_PROBLEM TO WORK ON_.
Only one stretch of the records below should be repeated. It starts with the line containing "Планшет Apple iPad" and goes on through the line containing "New Nothing Phone 3a 128 GB Black", exactly as written.

[Stored dataset items]
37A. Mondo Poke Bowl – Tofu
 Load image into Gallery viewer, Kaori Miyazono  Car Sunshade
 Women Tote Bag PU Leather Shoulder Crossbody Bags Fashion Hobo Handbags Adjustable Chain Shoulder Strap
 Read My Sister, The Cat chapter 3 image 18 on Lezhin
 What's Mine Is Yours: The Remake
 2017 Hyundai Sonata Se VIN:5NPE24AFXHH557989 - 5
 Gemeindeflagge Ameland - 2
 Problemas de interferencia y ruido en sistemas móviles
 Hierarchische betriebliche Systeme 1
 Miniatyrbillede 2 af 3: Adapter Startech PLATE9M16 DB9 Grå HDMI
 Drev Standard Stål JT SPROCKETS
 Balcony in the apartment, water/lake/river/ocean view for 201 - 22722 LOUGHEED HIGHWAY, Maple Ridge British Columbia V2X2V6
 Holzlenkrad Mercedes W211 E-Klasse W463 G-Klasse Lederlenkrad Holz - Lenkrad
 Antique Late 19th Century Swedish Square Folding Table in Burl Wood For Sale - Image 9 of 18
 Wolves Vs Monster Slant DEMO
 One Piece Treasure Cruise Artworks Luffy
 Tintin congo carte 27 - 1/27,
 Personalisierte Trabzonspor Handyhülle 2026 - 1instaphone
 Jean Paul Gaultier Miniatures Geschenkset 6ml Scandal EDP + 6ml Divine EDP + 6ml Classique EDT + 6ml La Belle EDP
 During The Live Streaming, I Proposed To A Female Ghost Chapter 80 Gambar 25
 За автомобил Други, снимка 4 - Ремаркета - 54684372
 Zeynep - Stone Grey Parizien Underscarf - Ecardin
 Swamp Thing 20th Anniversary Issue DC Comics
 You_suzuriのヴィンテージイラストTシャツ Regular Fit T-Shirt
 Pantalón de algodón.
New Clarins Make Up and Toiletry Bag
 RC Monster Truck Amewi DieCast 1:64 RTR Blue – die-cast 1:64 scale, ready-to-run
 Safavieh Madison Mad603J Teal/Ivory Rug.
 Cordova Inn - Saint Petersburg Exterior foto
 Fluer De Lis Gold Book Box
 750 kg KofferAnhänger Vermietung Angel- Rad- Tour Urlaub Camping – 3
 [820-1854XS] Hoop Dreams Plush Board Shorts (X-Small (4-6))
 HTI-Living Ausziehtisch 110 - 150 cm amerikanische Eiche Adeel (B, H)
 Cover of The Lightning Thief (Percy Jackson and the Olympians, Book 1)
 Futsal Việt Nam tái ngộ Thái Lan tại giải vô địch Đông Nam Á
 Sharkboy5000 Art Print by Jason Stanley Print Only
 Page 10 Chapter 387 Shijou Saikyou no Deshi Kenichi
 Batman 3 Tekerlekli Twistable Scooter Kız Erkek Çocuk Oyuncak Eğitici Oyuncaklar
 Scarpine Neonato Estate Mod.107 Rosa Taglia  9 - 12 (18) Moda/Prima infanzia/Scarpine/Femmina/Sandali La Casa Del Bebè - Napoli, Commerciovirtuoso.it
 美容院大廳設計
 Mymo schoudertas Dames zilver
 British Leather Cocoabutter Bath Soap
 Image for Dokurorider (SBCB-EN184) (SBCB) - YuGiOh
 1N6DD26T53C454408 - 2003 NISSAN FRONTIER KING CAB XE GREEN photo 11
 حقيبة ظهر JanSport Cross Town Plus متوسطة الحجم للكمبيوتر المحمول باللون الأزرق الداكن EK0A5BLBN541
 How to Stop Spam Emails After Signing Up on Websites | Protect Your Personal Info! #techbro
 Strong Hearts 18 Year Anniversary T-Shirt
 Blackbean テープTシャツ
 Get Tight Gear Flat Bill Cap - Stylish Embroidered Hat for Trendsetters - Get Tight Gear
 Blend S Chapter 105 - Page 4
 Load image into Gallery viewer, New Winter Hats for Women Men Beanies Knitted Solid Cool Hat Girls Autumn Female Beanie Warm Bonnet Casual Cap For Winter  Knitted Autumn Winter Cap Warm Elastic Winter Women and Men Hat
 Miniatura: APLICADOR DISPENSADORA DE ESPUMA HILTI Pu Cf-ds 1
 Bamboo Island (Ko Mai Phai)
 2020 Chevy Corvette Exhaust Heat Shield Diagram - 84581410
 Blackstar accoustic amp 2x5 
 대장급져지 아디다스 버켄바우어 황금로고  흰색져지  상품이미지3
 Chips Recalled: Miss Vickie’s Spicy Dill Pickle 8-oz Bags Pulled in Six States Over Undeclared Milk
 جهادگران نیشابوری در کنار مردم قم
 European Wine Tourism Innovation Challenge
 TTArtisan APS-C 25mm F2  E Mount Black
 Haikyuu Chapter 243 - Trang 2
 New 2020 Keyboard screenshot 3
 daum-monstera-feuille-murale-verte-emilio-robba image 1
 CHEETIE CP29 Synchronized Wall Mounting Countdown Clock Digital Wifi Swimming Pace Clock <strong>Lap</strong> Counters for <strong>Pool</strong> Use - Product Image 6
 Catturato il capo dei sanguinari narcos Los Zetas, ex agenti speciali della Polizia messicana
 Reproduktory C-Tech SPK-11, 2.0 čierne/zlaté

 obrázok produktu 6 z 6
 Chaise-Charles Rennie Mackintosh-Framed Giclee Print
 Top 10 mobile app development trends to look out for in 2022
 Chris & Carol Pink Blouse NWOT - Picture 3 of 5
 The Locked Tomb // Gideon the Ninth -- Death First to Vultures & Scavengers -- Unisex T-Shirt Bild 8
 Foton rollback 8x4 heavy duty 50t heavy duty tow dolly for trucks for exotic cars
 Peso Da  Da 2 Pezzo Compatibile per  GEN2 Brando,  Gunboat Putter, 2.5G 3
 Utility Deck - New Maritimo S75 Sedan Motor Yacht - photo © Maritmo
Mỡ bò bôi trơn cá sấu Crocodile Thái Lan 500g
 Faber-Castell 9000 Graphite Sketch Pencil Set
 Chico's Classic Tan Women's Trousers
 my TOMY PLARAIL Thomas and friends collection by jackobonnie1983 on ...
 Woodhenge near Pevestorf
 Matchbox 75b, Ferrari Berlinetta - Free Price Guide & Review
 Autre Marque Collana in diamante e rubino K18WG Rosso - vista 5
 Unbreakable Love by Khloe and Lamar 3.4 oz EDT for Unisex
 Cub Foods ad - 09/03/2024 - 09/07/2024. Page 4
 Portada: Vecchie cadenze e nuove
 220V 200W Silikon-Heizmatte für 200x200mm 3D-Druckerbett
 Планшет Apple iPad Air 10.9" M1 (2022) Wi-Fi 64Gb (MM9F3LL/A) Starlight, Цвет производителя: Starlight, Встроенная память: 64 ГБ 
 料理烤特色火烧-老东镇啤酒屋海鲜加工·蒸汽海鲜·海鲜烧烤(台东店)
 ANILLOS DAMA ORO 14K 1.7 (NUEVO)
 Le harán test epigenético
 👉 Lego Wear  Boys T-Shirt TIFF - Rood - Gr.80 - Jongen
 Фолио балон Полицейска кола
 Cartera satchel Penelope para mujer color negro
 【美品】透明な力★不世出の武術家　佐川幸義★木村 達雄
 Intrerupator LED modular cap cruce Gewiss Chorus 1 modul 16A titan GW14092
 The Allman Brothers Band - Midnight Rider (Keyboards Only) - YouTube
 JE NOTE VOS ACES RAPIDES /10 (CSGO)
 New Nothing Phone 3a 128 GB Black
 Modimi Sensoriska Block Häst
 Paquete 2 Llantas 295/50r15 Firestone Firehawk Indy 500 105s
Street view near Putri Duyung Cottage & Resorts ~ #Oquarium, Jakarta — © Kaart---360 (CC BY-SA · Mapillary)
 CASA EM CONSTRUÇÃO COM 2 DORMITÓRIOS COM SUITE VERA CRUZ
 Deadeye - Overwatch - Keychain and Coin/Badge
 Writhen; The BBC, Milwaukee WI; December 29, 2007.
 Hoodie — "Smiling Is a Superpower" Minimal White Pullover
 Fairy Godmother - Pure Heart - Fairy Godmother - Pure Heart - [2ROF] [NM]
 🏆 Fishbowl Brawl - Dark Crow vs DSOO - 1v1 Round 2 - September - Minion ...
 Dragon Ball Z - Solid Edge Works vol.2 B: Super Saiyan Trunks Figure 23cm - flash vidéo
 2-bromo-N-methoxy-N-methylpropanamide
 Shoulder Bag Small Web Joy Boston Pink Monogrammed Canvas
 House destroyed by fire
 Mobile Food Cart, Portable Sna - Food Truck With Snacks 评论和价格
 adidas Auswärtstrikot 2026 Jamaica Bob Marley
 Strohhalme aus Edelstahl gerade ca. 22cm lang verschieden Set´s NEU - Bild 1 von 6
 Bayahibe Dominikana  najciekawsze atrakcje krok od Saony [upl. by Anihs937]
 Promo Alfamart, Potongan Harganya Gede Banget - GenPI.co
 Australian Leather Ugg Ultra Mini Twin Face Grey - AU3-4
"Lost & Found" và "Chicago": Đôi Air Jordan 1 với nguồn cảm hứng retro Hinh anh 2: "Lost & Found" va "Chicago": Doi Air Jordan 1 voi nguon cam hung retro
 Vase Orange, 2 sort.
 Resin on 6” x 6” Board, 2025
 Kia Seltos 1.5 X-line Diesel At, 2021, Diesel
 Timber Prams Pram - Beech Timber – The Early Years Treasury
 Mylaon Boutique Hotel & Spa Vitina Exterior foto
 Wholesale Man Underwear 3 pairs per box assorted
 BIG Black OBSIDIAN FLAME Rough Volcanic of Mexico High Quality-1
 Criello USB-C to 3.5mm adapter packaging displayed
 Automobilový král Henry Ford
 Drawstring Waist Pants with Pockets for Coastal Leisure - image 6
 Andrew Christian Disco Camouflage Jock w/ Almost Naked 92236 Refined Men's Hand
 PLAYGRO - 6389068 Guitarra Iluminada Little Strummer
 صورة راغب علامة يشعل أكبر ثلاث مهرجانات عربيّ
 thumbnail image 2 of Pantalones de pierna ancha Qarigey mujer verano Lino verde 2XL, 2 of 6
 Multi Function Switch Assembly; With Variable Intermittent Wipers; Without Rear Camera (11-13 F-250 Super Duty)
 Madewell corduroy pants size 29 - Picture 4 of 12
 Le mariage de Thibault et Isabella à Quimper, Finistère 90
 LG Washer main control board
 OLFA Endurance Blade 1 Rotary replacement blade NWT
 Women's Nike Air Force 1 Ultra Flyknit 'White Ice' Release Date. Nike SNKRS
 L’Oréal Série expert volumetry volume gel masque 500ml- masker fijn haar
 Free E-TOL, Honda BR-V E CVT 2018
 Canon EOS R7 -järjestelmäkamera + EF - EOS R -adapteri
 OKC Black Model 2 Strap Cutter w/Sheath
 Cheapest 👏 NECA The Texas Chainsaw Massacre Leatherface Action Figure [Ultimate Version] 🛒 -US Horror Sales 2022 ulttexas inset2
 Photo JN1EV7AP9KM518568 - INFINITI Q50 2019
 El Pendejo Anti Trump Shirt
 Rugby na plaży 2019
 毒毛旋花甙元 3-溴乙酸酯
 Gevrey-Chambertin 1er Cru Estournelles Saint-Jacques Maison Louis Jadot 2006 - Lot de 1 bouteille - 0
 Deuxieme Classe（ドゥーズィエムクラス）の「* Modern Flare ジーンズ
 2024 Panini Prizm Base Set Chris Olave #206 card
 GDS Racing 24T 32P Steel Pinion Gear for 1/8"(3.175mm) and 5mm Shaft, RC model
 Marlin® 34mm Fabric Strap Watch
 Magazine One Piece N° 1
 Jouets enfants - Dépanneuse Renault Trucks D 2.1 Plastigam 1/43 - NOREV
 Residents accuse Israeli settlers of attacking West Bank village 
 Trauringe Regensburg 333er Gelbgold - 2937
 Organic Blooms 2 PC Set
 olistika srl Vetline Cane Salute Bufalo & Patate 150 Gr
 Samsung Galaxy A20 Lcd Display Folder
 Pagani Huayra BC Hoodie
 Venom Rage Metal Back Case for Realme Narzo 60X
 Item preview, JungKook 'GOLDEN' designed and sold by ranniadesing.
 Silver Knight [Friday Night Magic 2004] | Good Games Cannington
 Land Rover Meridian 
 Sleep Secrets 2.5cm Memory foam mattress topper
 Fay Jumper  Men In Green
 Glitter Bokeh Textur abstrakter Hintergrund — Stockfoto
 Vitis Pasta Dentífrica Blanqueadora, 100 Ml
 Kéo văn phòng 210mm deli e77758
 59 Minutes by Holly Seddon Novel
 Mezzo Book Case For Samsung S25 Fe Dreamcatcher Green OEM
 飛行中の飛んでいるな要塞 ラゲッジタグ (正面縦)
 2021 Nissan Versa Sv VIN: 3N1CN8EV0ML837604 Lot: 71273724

_SOLUTION FOR THIS TASK_.
 Планшет Apple iPad Air 10.9" M1 (2022) Wi-Fi 64Gb (MM9F3LL/A) Starlight, Цвет производителя: Starlight, Встроенная память: 64 ГБ 
 料理烤特色火烧-老东镇啤酒屋海鲜加工·蒸汽海鲜·海鲜烧烤(台东店)
 ANILLOS DAMA ORO 14K 1.7 (NUEVO)
 Le harán test epigenético
 👉 Lego Wear  Boys T-Shirt TIFF - Rood - Gr.80 - Jongen
 Фолио балон Полицейска кола
 Cartera satchel Penelope para mujer color negro
 【美品】透明な力★不世出の武術家　佐川幸義★木村 達雄
 Intrerupator LED modular cap cruce Gewiss Chorus 1 modul 16A titan GW14092
 The Allman Brothers Band - Midnight Rider (Keyboards Only) - YouTube
 JE NOTE VOS ACES RAPIDES /10 (CSGO)
 New Nothing Phone 3a 128 GB Black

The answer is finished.